Dental Care

Dental Fluorosis - Mild But Common

 

We mentioned some of the causes and effects of dental fluorosis in a separate article, but this article will focus almost exclusively on this visually unappealing dental condition. 

Some people may be unfamiliar with the term but you might know a child or adult who has it or for other reasons might want to learn more about it.

This is an irreversible condition which occurs when a child ingests too much fluoride while his or her teeth are still developing.  

Fluoride is a metabolic toxin, and exposure to excessive amounts at the "wrong" developmental stage can alter the process by which a child's teeth are formed. 

The condition varies in severity, but everyone with dental fluorosis will have at least some degree of tooth discoloration, and severe cases involve even more damage to the teeth.

Development

Because tooth formation primarily occurs between three months and eight years of age, this period is the most critical time for fluoride exposure, and some experts say the period between one and four years old is the most critical of all. 

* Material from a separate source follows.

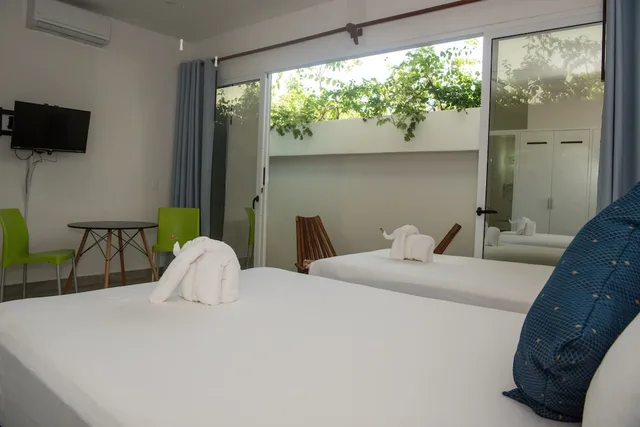 Business, Luxury, Economy, Suite, 1 Double and 1 Single Bed, Rooftop Pool, Ocean Zen Suites 3/5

Generally speaking, even if a child older than eight (or an adult) is overexposed to fluoride, teeth fluorosis will not develop because by then the teeth have progressed beyond the critical formative stages.

Severity

As mentioned above, teeth fluorosis varies in severity.  Sensitivity to fluoride exposure varies among children, and each child who is overexposed will react somewhat differently as a result. 

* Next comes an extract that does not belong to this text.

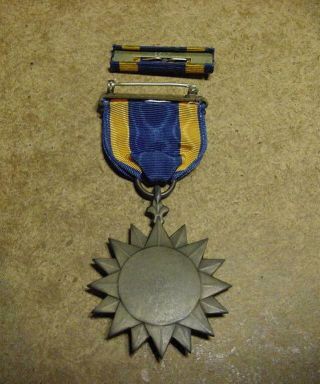 Vintage WW2 Era US Military Air Medal With Full Wrap Brooch 2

Additional factors affecting the severity of the condition include the age of the child when the fluoride overexposure occurs, the levels of fluoride the child ingests, and nutrition, among others.

Dental fluorosis is usually fairly mild, causing only light speckles or streaks on the teeth.  In some cases this discoloration is almost unnoticeable, but it is often the first visible sign of a child's overexposure to fluoride. 

Unfortunately, cases of moderate and severe dental fluorosis also occur, typified by much more noticeable tooth discoloration.  In its most severe form, teeth fluorosis causes highly visible black and brown patches (explaining why severe teeth fluorosis is also called "mottling of dental enamel") and pitting and cracking of the teeth.

Sources of Fluoride

The fluoridation of public water is a common practice in the United States and several other nations, including Australia, New Zealand and Ireland, for example. 

Testing indicates more than 200 different contaminants and harmful chemicals are in our drinking water, and any one of them can adversely impact your health.  One of those substances is fluoride, and although it won't cause teeth fluorosis in adults, an overexposure can be problematic for a young child.

Most people are aware that killing the bacteria and other pathogens in water is required in order to make it safe to drink, and that our public water supplies are treated with chlorine and fluoride to accomplish that very purpose. 

However, many people might not realize that both chlorine and fluoride can cause health problems, some of which can be quite serious. 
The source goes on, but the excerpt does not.